SUPPLIED MATERIAL
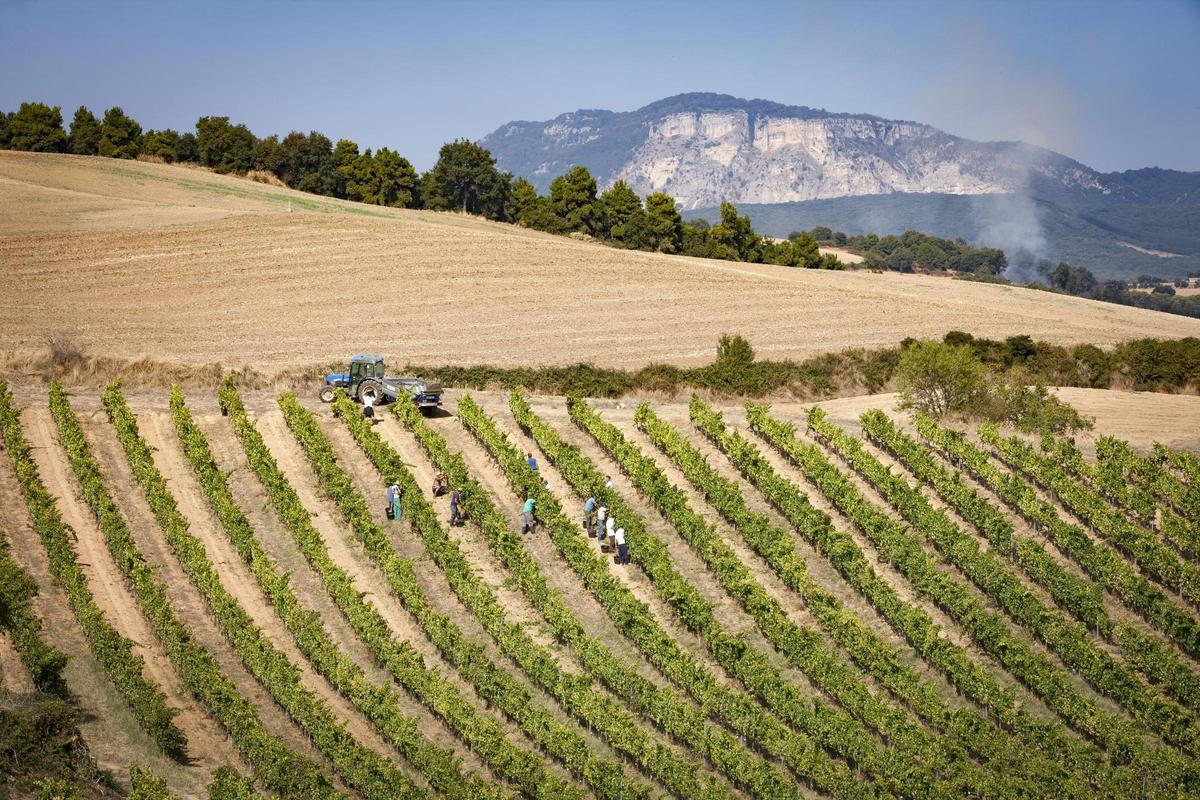 Viñedos de Bodegas Aroa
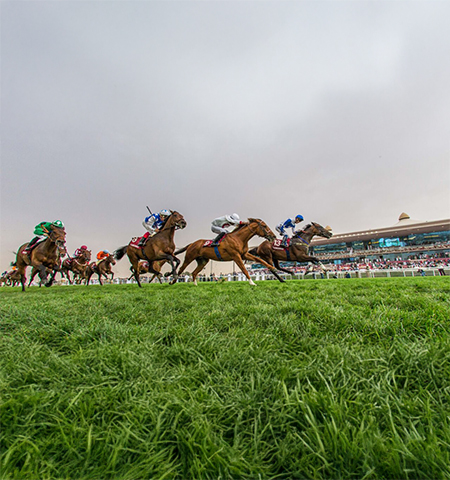 Horse Racing Experience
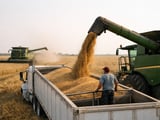 Wheat edges softer in Delhi while Black Sea and MATIF futures firm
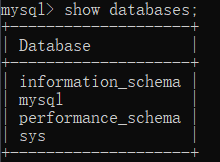 image-20250316030921110
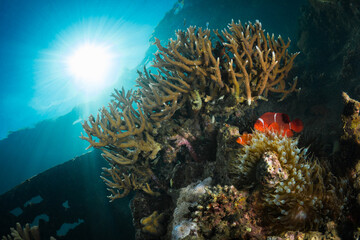 Stunning large hard corals on coral reef in Papua New Guinea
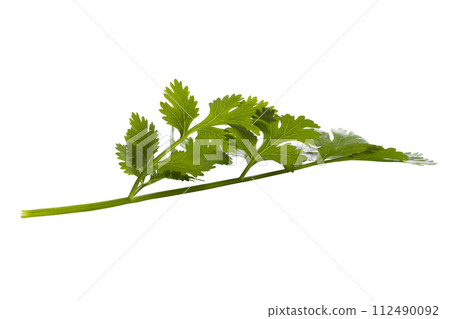 Coriander leaf isolated on a white background. Coriander leaf isolated on a white background. 112490092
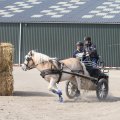 IMG_973754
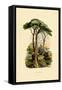 Pine Tree, 1833-39-null-Framed Stretched Canvas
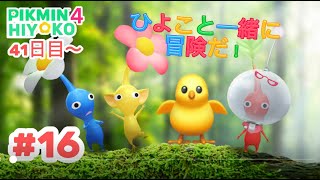 【ピクミン４ 41日目~】ひよこと不殺の誓い！☆になったら写経が待つ配信！【#16ひよりひよこ】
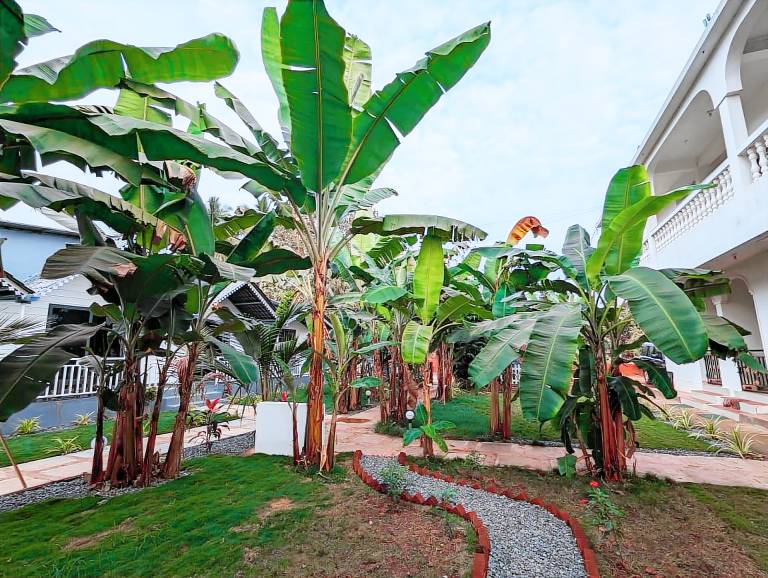 White Tree Resort — photo 3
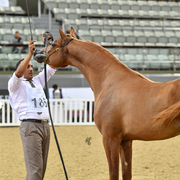Mardf Al Shaqab: 2 Year Old Colt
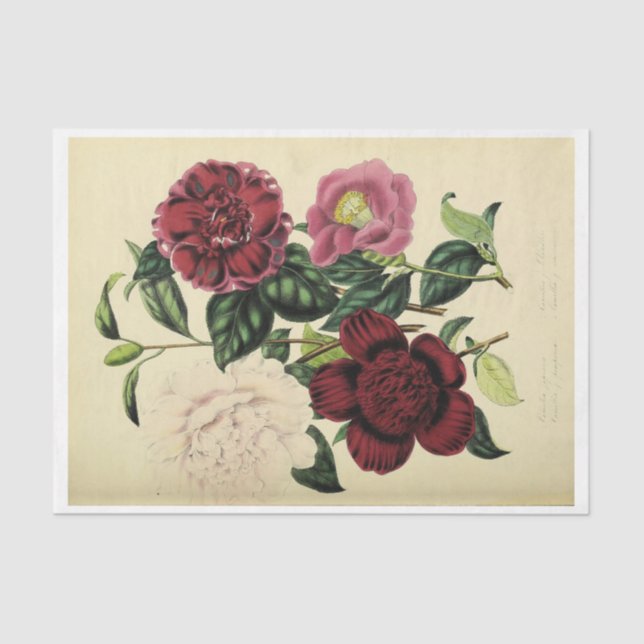 Floral Ephemera Decoupage Burgundy Pink Blush Seidenpapier (Vorderseite)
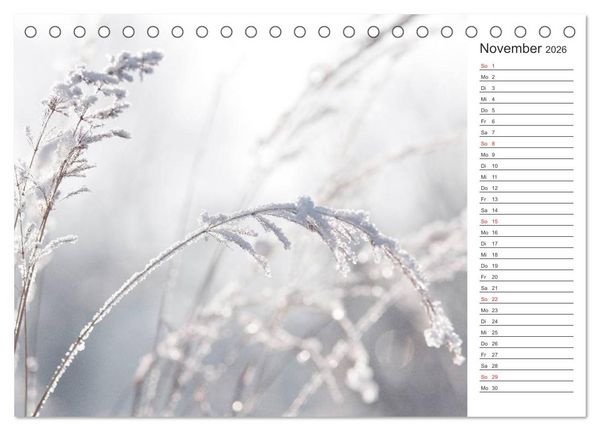 Produktbild: Blumenfreude Terminkalender (Tischkalender 2026 DIN A5 quer), CALVENDO Monatskalender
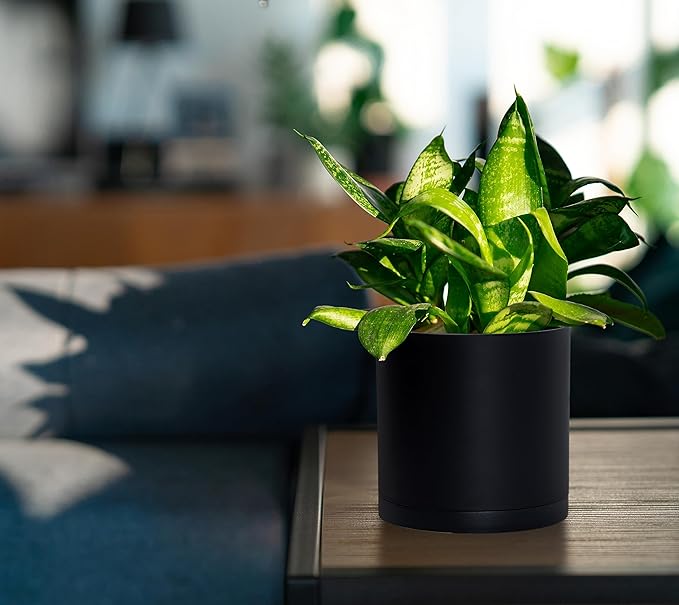 D'vine Dev 2 Pack 5.5 Inch Modern Plastic Plant Pots, Small Garden Planters for Plant with Drainage Holes and Saucers, Black Color, 74-Y-H-1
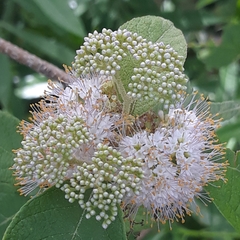 Callicarpa acuminata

WHAT IS BEING ASKED
Your task is to retype the listing exactly, without its pictures.

OUTPUT FOR THIS EXERCISE
 Viñedos de Bodegas Aroa
 Horse Racing Experience
 Wheat edges softer in Delhi while Black Sea and MATIF futures firm
 image-20250316030921110
 Stunning large hard corals on coral reef in Papua New Guinea
 Coriander leaf isolated on a white background. Coriander leaf isolated on a white background. 112490092
 IMG_973754
 Pine Tree, 1833-39-null-Framed Stretched Canvas
 【ピクミン４ 41日目~】ひよこと不殺の誓い！☆になったら写経が待つ配信！【#16ひよりひよこ】
 White Tree Resort — photo 3
Mardf Al Shaqab: 2 Year Old Colt
 Floral Ephemera Decoupage Burgundy Pink Blush Seidenpapier (Vorderseite)
 Produktbild: Blumenfreude Terminkalender (Tischkalender 2026 DIN A5 quer), CALVENDO Monatskalender
 D'vine Dev 2 Pack 5.5 Inch Modern Plastic Plant Pots, Small Garden Planters for Plant with Drainage Holes and Saucers, Black Color, 74-Y-H-1
 Callicarpa acuminata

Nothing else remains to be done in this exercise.